A 50-page report has been prepared which will be submitted to MPs this afternoon, covering the main lines of return to work policies for a number of industries; these will be developed in separate sectoral directives which will be published next week.
Premier Boris Johnson said on television last night that industry leaders in all major sectors will soon receive advice on how to become “Covid secure.”
Meanwhile, Housing Secretary Robert Jenrick said the current restrictions have left some families “stuck in houses that no longer suit them” and that he intends to relax those restrictions – without giving details .

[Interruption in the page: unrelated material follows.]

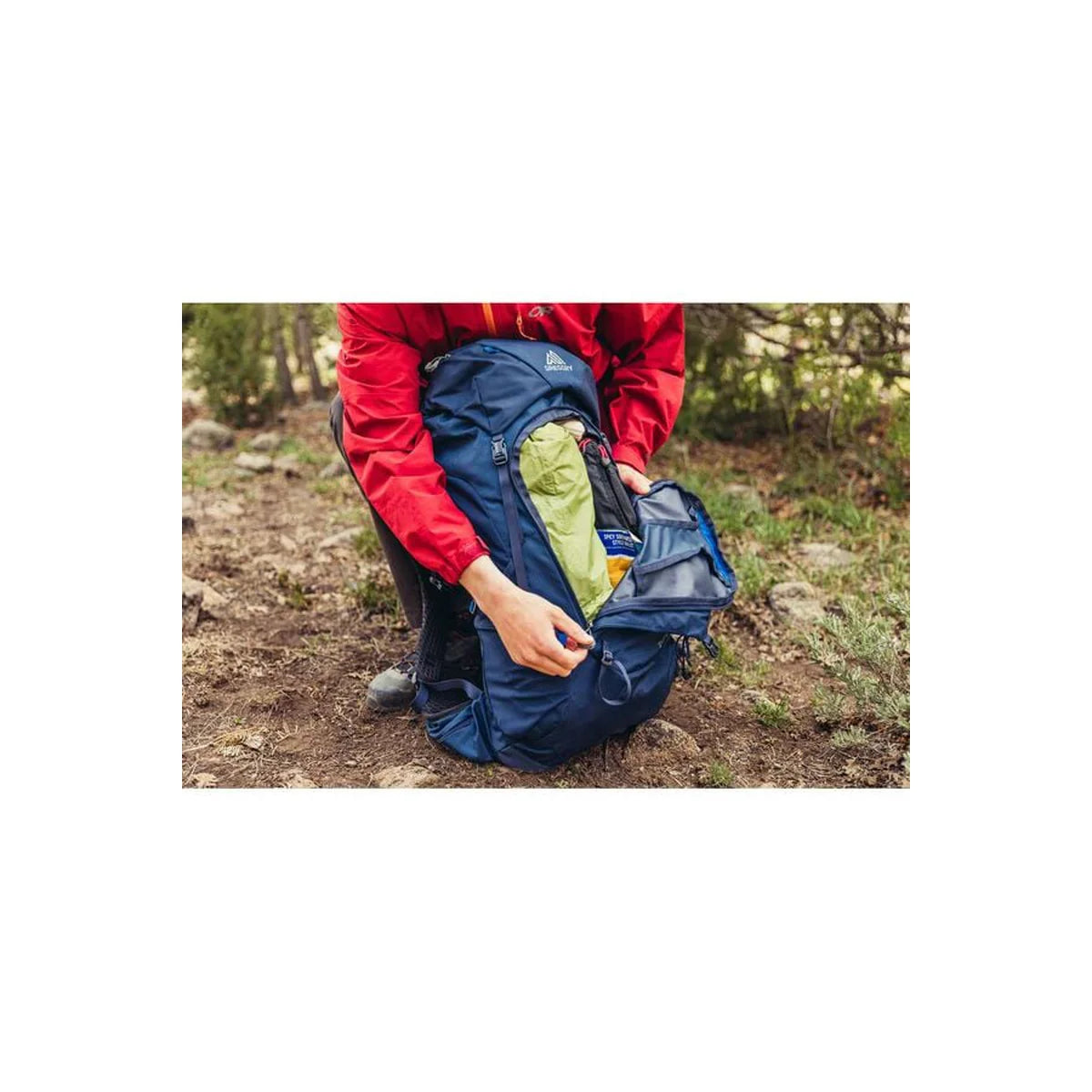 תרמיל Zulu 40: כיסוי גשם אינטגרלי לשמירה על ציוד יבש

The foreclosure has already broken down in terms of real estate agent activity.
Several agents have been in touch with the real estate agent today in the past few days, alleging that competitors in their respective fields have visited or opened their offices contrary to the foreclosure directives.
The contacts follow EAT’s story last week that an agency in Gloucester was the first to open its branch to the public, with social distancing and other measures in place, and apparently with the blessing of the local council.
The new allegations received by EAT relate to agents as distant as Plymouth, Swansea, London, Manchester and Lanarkshire.
Two allegations refer to the opening of agents by agents – although there is uncertainty among those contacting EAT as to whether members of the public were involved. The others refer to views, online agents being cited as frequent but not unique “offenders”.
Advice on visits seems clearly defined, with NAEA Propertymark saying, “According to current public health advice, in-person visits are not allowed and should be delayed.” However, several officers have spoken openly about visiting empty properties, claiming that they are safe as long as social distance is respected.
An agent told EAT, “It is not a level playing field when my colleagues and I tell potential sellers that we are unable to make these appointments. XXX and XXX will probably say it was okay because the property was empty, but I believe this still runs counter to current government guidelines for non-essential travel. I would be interested to know what the other officers thought of this work in progress. “
Some officers say their rivals have gone further and conducted investigations and visits to properties that are still occupied, although it is unknown whether the owners were on the scene when the investigations and visits were allegedly carried out.
A specific allegation by an agent contacting EAT refers to recent visits by an online agent who, in March, continued on social media to report that he was suffering from coronavirus symptoms, referring to his fever and urging those he had been in contact with to monitor symptoms.
Officers’ complaints follow this story about Liddington bone property, a one-stop sales and rental agency in Gloucester, which opened to the public Wednesday of last week and has adopted a “one in, one out” policy.